What you have to do - Transcribe the entire listing exactly as it appears.

Exercise material -
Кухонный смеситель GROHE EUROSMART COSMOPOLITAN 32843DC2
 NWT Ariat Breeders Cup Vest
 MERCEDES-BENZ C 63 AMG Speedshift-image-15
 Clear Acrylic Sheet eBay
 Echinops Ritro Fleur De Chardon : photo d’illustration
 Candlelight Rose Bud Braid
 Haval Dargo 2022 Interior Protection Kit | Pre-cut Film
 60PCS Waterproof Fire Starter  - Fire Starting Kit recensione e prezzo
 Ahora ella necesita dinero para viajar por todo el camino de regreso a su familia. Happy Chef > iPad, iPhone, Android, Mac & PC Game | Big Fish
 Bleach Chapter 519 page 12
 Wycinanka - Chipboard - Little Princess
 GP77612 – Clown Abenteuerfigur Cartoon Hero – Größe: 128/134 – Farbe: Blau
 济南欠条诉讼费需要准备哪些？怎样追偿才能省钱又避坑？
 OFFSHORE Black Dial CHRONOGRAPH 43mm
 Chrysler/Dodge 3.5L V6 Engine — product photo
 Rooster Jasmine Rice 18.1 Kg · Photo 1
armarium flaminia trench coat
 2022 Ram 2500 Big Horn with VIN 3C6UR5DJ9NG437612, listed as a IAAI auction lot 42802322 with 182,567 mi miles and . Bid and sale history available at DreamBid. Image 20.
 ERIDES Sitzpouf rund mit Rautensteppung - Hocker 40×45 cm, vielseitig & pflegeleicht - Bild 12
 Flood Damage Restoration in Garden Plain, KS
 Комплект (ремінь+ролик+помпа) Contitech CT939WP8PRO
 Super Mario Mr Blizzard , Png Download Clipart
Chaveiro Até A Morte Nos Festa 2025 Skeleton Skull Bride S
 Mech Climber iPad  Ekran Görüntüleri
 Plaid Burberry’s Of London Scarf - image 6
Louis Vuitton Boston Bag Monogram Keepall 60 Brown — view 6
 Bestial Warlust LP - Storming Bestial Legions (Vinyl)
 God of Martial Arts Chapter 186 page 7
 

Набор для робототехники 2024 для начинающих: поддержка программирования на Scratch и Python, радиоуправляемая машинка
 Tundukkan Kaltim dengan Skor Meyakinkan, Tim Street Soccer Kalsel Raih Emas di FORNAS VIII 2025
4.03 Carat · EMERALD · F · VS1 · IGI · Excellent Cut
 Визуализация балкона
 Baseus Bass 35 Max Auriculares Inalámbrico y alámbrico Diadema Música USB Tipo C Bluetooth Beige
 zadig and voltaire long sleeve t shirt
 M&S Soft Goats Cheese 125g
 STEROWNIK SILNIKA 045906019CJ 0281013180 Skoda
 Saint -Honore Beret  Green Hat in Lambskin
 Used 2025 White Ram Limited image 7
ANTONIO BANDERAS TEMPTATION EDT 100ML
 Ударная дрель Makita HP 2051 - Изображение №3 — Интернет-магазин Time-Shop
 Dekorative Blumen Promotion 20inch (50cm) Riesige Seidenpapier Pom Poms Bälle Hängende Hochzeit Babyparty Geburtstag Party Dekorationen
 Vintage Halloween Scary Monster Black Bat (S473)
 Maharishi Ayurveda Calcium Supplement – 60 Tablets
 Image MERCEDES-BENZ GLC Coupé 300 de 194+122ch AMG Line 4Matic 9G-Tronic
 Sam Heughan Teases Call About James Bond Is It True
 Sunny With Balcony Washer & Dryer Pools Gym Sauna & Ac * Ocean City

Response box -
Кухонный смеситель GROHE EUROSMART COSMOPOLITAN 32843DC2
 NWT Ariat Breeders Cup Vest
 MERCEDES-BENZ C 63 AMG Speedshift-image-15
 Clear Acrylic Sheet eBay
 Echinops Ritro Fleur De Chardon : photo d’illustration
 Candlelight Rose Bud Braid
 Haval Dargo 2022 Interior Protection Kit | Pre-cut Film
 60PCS Waterproof Fire Starter  - Fire Starting Kit recensione e prezzo
 Ahora ella necesita dinero para viajar por todo el camino de regreso a su familia. Happy Chef > iPad, iPhone, Android, Mac & PC Game | Big Fish
 Bleach Chapter 519 page 12
 Wycinanka - Chipboard - Little Princess
 GP77612 – Clown Abenteuerfigur Cartoon Hero – Größe: 128/134 – Farbe: Blau
 济南欠条诉讼费需要准备哪些？怎样追偿才能省钱又避坑？
 OFFSHORE Black Dial CHRONOGRAPH 43mm
 Chrysler/Dodge 3.5L V6 Engine — product photo
 Rooster Jasmine Rice 18.1 Kg · Photo 1
armarium flaminia trench coat
 2022 Ram 2500 Big Horn with VIN 3C6UR5DJ9NG437612, listed as a IAAI auction lot 42802322 with 182,567 mi miles and . Bid and sale history available at DreamBid. Image 20.
 ERIDES Sitzpouf rund mit Rautensteppung - Hocker 40×45 cm, vielseitig & pflegeleicht - Bild 12
 Flood Damage Restoration in Garden Plain, KS
 Комплект (ремінь+ролик+помпа) Contitech CT939WP8PRO
 Super Mario Mr Blizzard , Png Download Clipart
Chaveiro Até A Morte Nos Festa 2025 Skeleton Skull Bride S
 Mech Climber iPad  Ekran Görüntüleri
 Plaid Burberry’s Of London Scarf - image 6
Louis Vuitton Boston Bag Monogram Keepall 60 Brown — view 6
 Bestial Warlust LP - Storming Bestial Legions (Vinyl)
 God of Martial Arts Chapter 186 page 7
 

Набор для робототехники 2024 для начинающих: поддержка программирования на Scratch и Python, радиоуправляемая машинка
 Tundukkan Kaltim dengan Skor Meyakinkan, Tim Street Soccer Kalsel Raih Emas di FORNAS VIII 2025
4.03 Carat · EMERALD · F · VS1 · IGI · Excellent Cut
 Визуализация балкона
 Baseus Bass 35 Max Auriculares Inalámbrico y alámbrico Diadema Música USB Tipo C Bluetooth Beige
 zadig and voltaire long sleeve t shirt
 M&S Soft Goats Cheese 125g
 STEROWNIK SILNIKA 045906019CJ 0281013180 Skoda
 Saint -Honore Beret  Green Hat in Lambskin
 Used 2025 White Ram Limited image 7
ANTONIO BANDERAS TEMPTATION EDT 100ML
 Ударная дрель Makita HP 2051 - Изображение №3 — Интернет-магазин Time-Shop
 Dekorative Blumen Promotion 20inch (50cm) Riesige Seidenpapier Pom Poms Bälle Hängende Hochzeit Babyparty Geburtstag Party Dekorationen
 Vintage Halloween Scary Monster Black Bat (S473)
 Maharishi Ayurveda Calcium Supplement – 60 Tablets
 Image MERCEDES-BENZ GLC Coupé 300 de 194+122ch AMG Line 4Matic 9G-Tronic
 Sam Heughan Teases Call About James Bond Is It True
 Sunny With Balcony Washer & Dryer Pools Gym Sauna & Ac * Ocean City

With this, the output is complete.